In the decade following Independance, with the need for manpower in the armed forces no longer an accute matter of survival, states both north and south enacted prohibitions against African Americans serving in the militia. The promise of freedom and other veteran's benefits still required both effort and luck to secure. In 1783 the Virginia Assembly:
"passed a bill condemning owners who "contrary to principles of justice and to their own solemn promise" kept their soldier substitutes as slaves. They were freed by legislative decree with instructions to the attorney general of Virginia to act on behalf of any former slave held in servitude despite his enlistment. how many slaves received their freedom as a result of this bill is not known, since a slave could not himself initiate legal proceedings for his own manumission. But if the number of slaves freed by the legislature as a reward for nonmilitary service is any indication, they were few. Eight slaves are known to have been granted freedom by the legislature for service in the Revolutionary War."
African American loyalist soldiers and their families fortunate enough to be evacuated by the British and Hessians had their own challenges, and over 1,100 were ultimately resettled from Nova Scotia to Sierra Leone.

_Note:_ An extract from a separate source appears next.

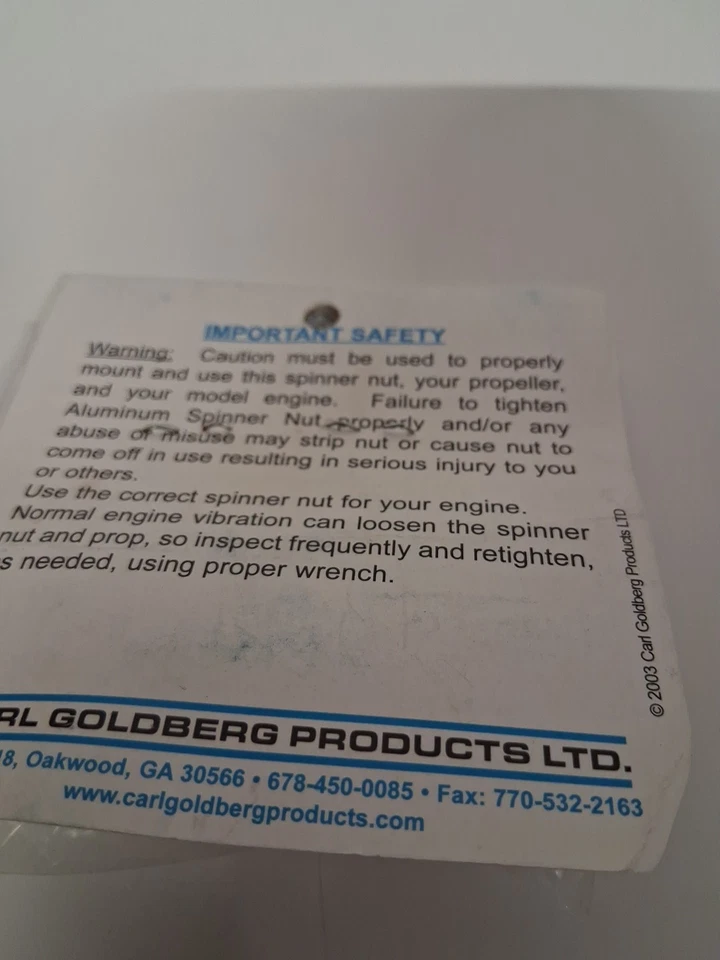 Carl Goldberg 3/4" Blue  Aluminum Spinner Nut 6mmx1mm - Image 3 of 3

It would be worth considering how the decades following the Revolution affected the status of African American veterans of the patriot forces, free and unfree alike. Were they respected by their former comrades in arms, or expected to return to their former subservient status? How many were able to secure veterans pensions in the first decades of the 19th century when these benefits became available? With slavery in decline in the northern states and on the increase following the transformative invention of the cotton gin in the southern ones, were African American veterans with military experience seen as a threat rather than as fellow patriots to whom society owed a debt? I, for one, would like to see more serious scholarship in this area, and see it inform today's debate about the status of African Americans who accompanied confederate armies.

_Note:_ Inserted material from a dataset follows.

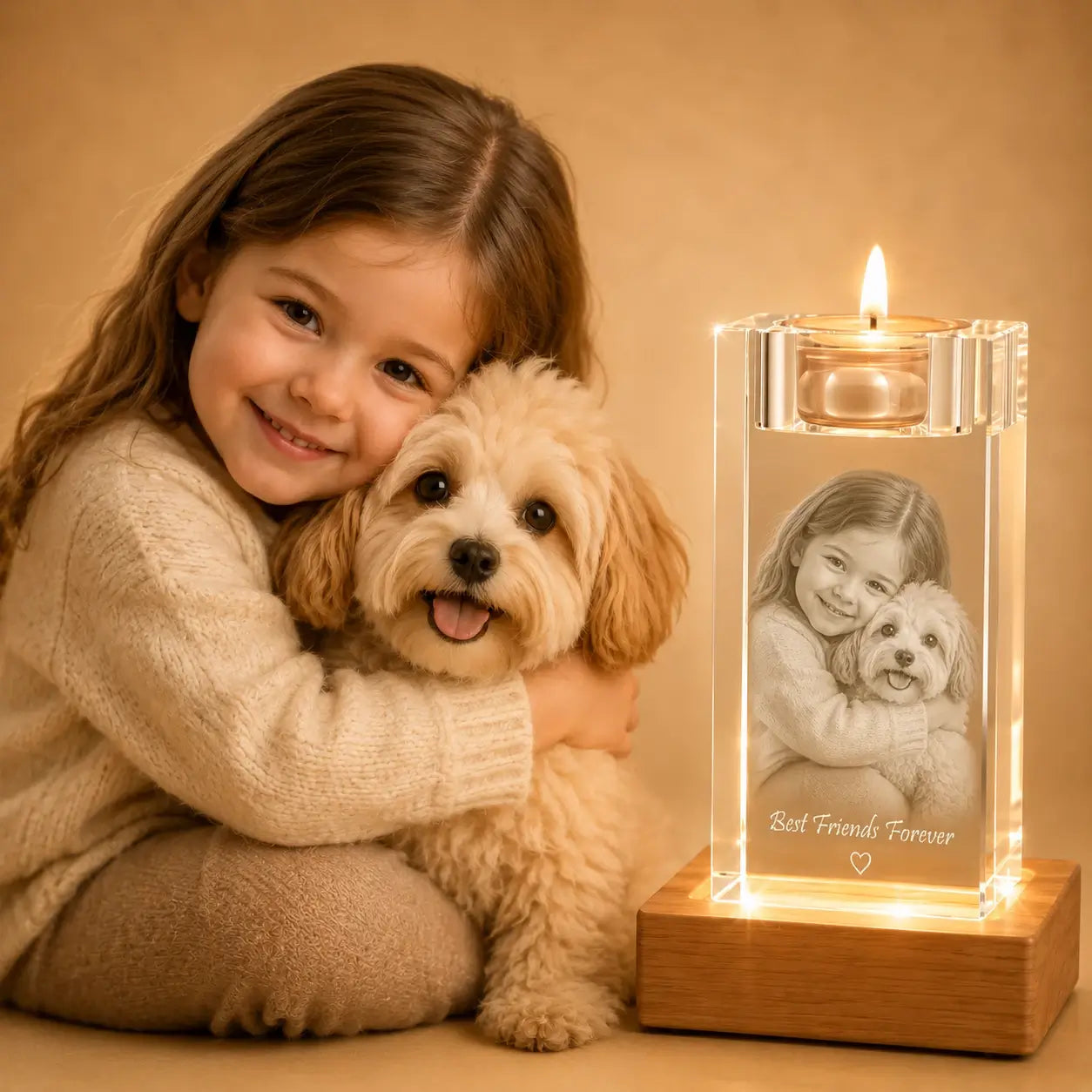 Personalised pet photo crystal candle gift, a thoughtful choice for crystal gifts and pet lovers.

It is generally agreed that the motivations for African American service as loyalists or patriots - that is, when the service member had any control over his enlistment - were driven by which path offered the means of manumission. There were no such enticements for African American slaves in the confederate army until the final months of the war. The greatest difference between freemen who served in the Revolution and their decendants who labored on southern earthworks or accompanied their masters in the field was the fact of involuntary servitude. Unless there is strong evidence that a measureable number of southern freedmen voluntarily participated as noncombatant "soldiers" in confederate armies, all this talk of "colored confederates" is both myopic and delusional.